Response to the Reviewer:

The authors still have not corrected all the comments I have made:

 

1. Regarding CASP9, line  2726-277.

 

Response: We apologize for not correcting the sentence "MCF7 cells treated with NSAIDs showed increased expression of caspase 9 which is marker of mitochondrial apoptosis. It was accompanied by increase in the expression of PARP, considered as a marker of DNA damage (91, 92).

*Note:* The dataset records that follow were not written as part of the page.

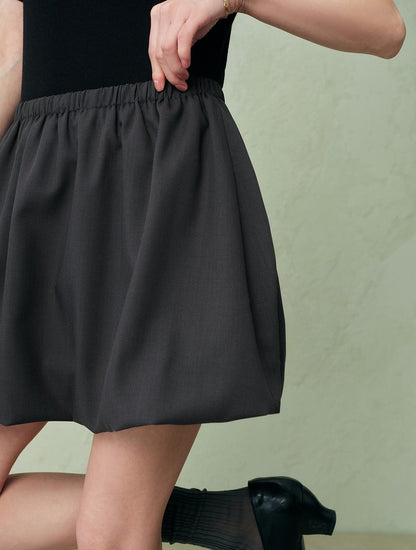 SUSHE three-dimensional flower bud elastic waist short skirt -PEARL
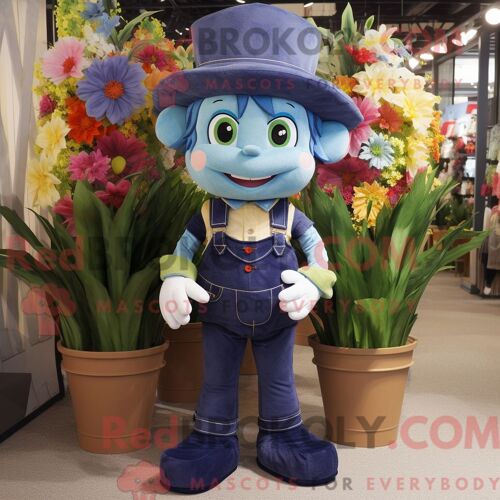Costume Mascotte Redbrokoly De Bouquet De Fleurs Bleu Marine Personnage Habillé Avec Un Jean Évasé Et Des Bretelles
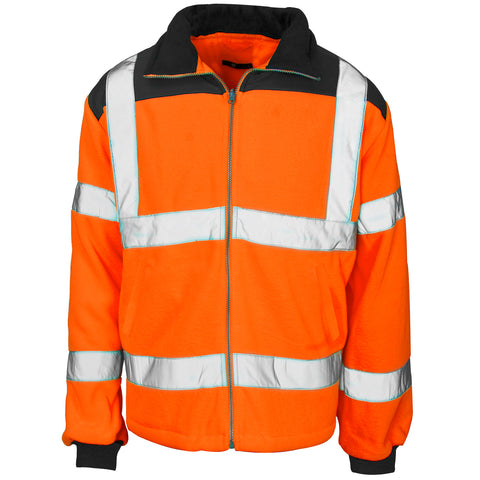 Hi Vis Fleece Orange (Rain Patch) - Worklayers.co.uk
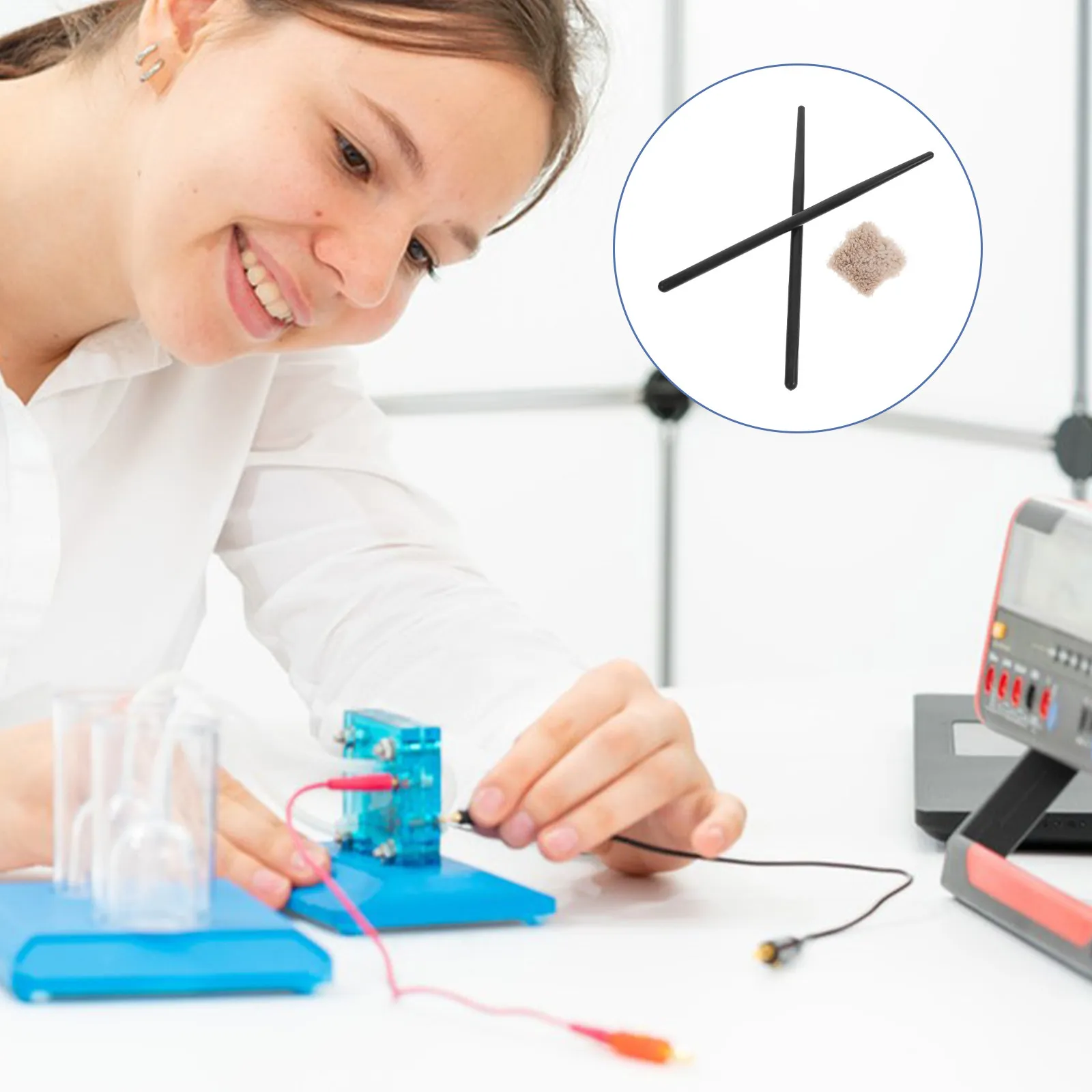 

Набор для экспериментов по электростатике: стеклянная палочка с тканью для изучения статического электричества, для научно-образовательных занятий по физике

This sentence was changed into:

“MCF7 cells treated with NSAIDs showed increased expression of cleaved caspase 9 which is marker of mitochondrial apoptosis. It was accompanied by increase in the expression of cleaved PARP, considered as a marker of DNA damage (91, 92).

 

 

 

1. The expression of BID is decreased in MCF-7, and similar in MCF-7 ko.

 

Response: We agree that the interpretation of the expression of BID in studied cells is confusing. In the discussion section of revised manuscript we rephrased the following sentence:

“Furthermore, in contrast to MCF7, in MCF7^POX-KO cells caspase 8 expression is significantly increased suggesting that extrinsic pathway of apoptosis is induced in these conditions. This led to increase in expression of BID which can activate mitochondrial caspase 9 (93, 94).”

 

into:

“Furthermore, in contrast to MCF7, in MCF7^POX-KO cells caspase 8 expression is significantly increased suggesting that extrinsic pathway of apoptosis is induced in these cells. In fact, in MCF7^POX-KO cells treated with IND or DCF expression of BID is more pronounced than in MCF-7 cells treated with these drugs. Increase in expression of BID can activate mitochondrial caspase 9 (93, 94). On the other hand, the studied drugs, particularly DCF, contributed to decrease in the expression of BID in both cell lines. This effect was clearly visible in MCF-7 cells, suggesting that activation of caspase 9 in these cells could be BID independent”

 

3. Also I think the experiment should be done on more than one cell line.

 

Response: We agree that studies on other cancer cell lines could provide more evidence for the role of PRODH/POX in the mechanism of NSAIDs-induced apoptosis. However, we already performed such a studies on some cancer cell lines (96-98) and found that the role of PRODH/POX in apoptosis/survival in cancer cells is metabolic context dependent and the process occurs through various mechanisms in different cancer cells. It suggest that PRODH/POX-dependent apoptosis could not be an universal mechanism It depends on rate of glycolysis, presence of glutamine, estrogen receptor status, estrogens and probably several other factors. Recently we are focused on the role of collagen biosynthesis (proline utilizing process) and prolidase activity (proline supporting enzyme) in providing proline for PRODH/POX-dependent functions. Since NSAIDs were found as a potent collagen biosynthesis inhibitors it seems that in this way they may contribute to increase in concentration of proline as a substrate for PRODH/POX-dependent apoptosis in PRODH/POX expressing cells.  Whether this is the case is currently investigated. Therefore, the suggestion of the Reviewer is of great interest and will be addressed in our current and future studies.

 

 

Round 3

Reviewer 2 Report

The authors addresed all my comments.